### SUPPLIED INFORMATION
* * * * *

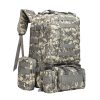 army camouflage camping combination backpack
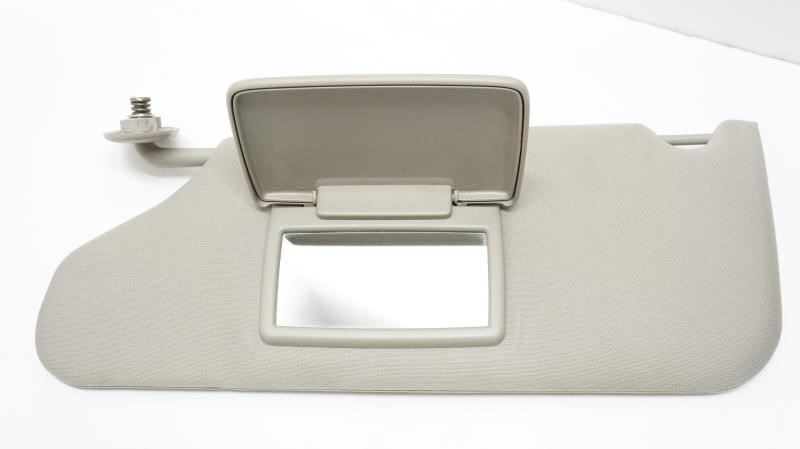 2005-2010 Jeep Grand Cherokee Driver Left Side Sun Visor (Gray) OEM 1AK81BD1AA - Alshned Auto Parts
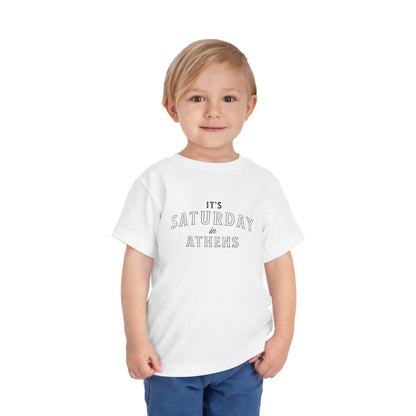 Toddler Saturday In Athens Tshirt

* * * * *

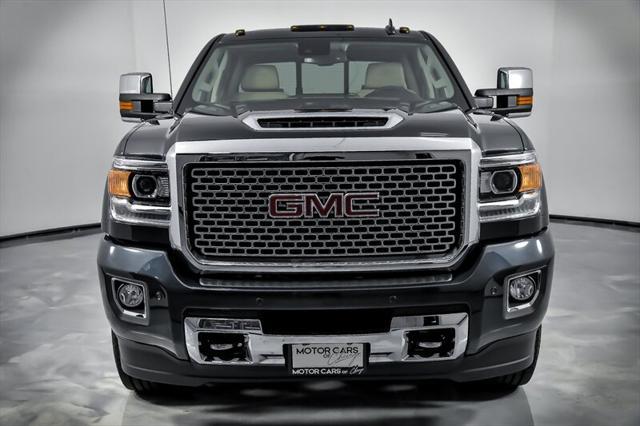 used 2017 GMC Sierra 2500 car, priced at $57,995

* * * * *

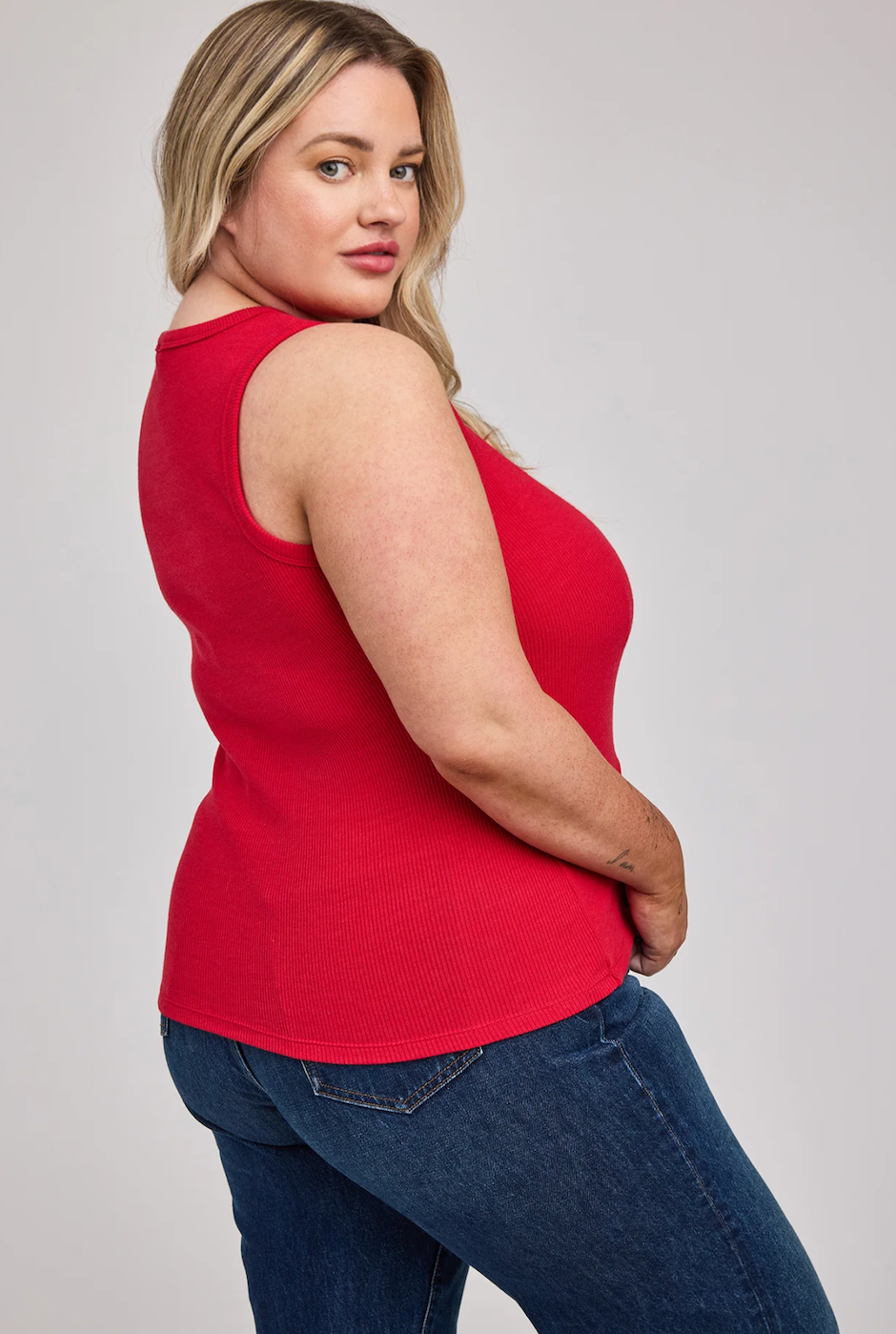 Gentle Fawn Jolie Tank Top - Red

* * * * *

### DESCRIPTION OF THE TASK
Beginning at the line above that contains "army camouflage camping combination backpack", repeat each line exactly through the one that contains "Toddler Saturday In Athens Tshirt", and leave out the pictures.

### SOLUTION FOR THIS TASK
 army camouflage camping combination backpack
 2005-2010 Jeep Grand Cherokee Driver Left Side Sun Visor (Gray) OEM 1AK81BD1AA - Alshned Auto Parts
 Toddler Saturday In Athens Tshirt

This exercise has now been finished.